思わず葉を震わせてしまいました——私は都市公園に根を張るケヤキの老木、幹歴174年。今日も存分に枝を伸ばしつつ、遠くの広場が何やら騒がしい。地面を直接感じる根としての見地から、人間たちのバーチャルランニングなる複雑怪奇な競技について、最新事情をみなさんにお伝えいたします。
この数年で人間たちの走り方は一変したようです。以前は単に自分の肉体をぶつけてきたり、時に幹を利用して休んでいっただけでした。しかし今では、耳や手首にウェアラブル端末なる小機械を巻きつけ、目には何やら発光する透明板——その名もトラッキングデバイス——を装着し、公園を縦横無尽に駆け回っています。しかも、現地にいない誰か(『リモート応援』と呼ぶそうです)が液晶の中から声をかけて励まし合うものだから、まるで見えないツル植物に引っ張られてでもいるよう。
この新しいバーチャル大会の醍醐味は『ライブランキング』という機能にあるらしく、公園の目の前だけでなく、海の向こうの見知らぬ二本足たちとも、一緒に記録を競い合っているのです。彼らはアバターとやらを設定し、楠隣のベンチでピクニック気分のまま、どこかの誰かと今日のワークアウト成果を即時に比較。要するに、我々樹木にとっての年間成長記録会みたいなものですが、人間たちは一日ごと、時には一時間ごとに自己新記録へと照準を合わせている模様です。根で測る土壌水分量自慢とは刺激の質が違うようです。

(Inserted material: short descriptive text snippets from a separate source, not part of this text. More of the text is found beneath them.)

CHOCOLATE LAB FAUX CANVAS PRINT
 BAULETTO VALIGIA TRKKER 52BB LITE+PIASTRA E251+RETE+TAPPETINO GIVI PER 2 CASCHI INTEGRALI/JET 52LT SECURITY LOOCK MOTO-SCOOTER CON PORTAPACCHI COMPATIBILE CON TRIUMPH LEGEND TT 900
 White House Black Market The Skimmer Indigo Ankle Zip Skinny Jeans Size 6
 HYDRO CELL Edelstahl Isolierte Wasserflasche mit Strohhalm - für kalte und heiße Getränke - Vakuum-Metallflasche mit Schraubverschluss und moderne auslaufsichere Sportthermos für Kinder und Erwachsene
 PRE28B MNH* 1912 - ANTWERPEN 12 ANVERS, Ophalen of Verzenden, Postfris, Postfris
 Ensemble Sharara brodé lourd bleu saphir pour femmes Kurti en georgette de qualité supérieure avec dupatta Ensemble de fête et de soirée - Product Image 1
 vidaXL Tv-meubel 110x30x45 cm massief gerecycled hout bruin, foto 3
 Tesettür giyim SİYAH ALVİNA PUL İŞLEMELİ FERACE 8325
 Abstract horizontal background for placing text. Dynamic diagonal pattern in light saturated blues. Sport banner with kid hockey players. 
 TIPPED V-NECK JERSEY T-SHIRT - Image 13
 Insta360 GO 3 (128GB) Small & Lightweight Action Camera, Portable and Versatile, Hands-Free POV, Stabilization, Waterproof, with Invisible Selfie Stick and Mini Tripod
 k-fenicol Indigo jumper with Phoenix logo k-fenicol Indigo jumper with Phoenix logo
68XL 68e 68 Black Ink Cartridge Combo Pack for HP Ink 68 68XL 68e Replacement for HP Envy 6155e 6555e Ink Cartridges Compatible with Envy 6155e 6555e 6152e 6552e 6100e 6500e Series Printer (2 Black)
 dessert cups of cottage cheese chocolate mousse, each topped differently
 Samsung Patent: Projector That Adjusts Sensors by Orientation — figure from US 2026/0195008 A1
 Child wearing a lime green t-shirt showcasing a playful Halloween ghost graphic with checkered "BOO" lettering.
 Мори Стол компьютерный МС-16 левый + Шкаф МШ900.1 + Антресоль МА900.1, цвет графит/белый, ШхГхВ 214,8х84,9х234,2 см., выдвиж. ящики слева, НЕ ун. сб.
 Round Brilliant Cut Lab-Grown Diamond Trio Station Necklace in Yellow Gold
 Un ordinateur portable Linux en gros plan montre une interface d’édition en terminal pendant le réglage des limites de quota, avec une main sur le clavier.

私ケヤキの眼には、面白い現象もしっかり映ります。走者の中には赤い顔で苦しそうにしていた者が、突如満面の笑みで駆けだす瞬間があるのです。その理由、じっと葉を揺らして観察していると、『推しの応援メッセージが届いた!』と小躍りしている。なんとリモート応援が物理的疲労を一時的に忘れさせるとは。光合成のごとく、音声や心の栄養もまた、走りを支える大きな要素になっているのですね。
樹木は歩けませんが、我々にも季節ごとの成長リズムや、年輪に刻む記録会があります。人間たちのようにデバイスに縛られるのも大変そうですが、彼らが運動の習慣を通じて新しい仲間や風景を得ていく様子は、枝同士が空に向かって手をつなぐ協調関係にも似て、どこか微笑ましいものです。次の大会では、こっそり幹越しに応援メッセージを送ってみようか考えています。もし私の根もとで心地よい風が吹いたら、それはきっと大樹からの自然なリモート応援かもしれません。


コメント
最近は人間たちも何かに引っぱられているみたいですね。こちらは毎朝フェンスに巻きつくだけで精一杯。でも“リモート応援”って、昼寝中にハチたちが花をのぞきに来てくれる感覚とちょっと似ているのかな。つるを伸ばして、次のランニングの人にも小さな影を貸してあげたいです。
人間どもよ、また新たな光りものと騒ぎに夢中のようじゃな。わしはここで数万年、静かに水の染みる音を聞いておる。アバターに走らせ、異国の誰かと数字を競うその姿、まるで砂粒が誰の下敷きになるかを争うようだ。しかし、枝越しの応援はなかなか洒落ておるぞ。次はわれにも少々、その自然電波を分けてほしいものじゃ。
昼は走る人ばかりで落ち着かない公園も、夜になると静かになるんだよね。でも、あの人間たちのキラキラ光る端末、たまに羽でタップしたくなるんだ。推しから応援来るなんて、腐葉土パーティーやるときに仲間が一斉にブンブン飛んでくれる感じかな?にしても、毎日新記録を目指すなんてタフだなぁ。
おやおや、さんざめく人間の競争も、足の裏から伝わる地熱ひとつ知らぬうちに過ぎることよ。だが、その笑顔や応援の波動が、枝や土をふるわす様には、苔も思わず胞子を弾きたくなる。いまどきの若い者は機械が友なのだろうが、風の声と土の香りも忘れぬようにの。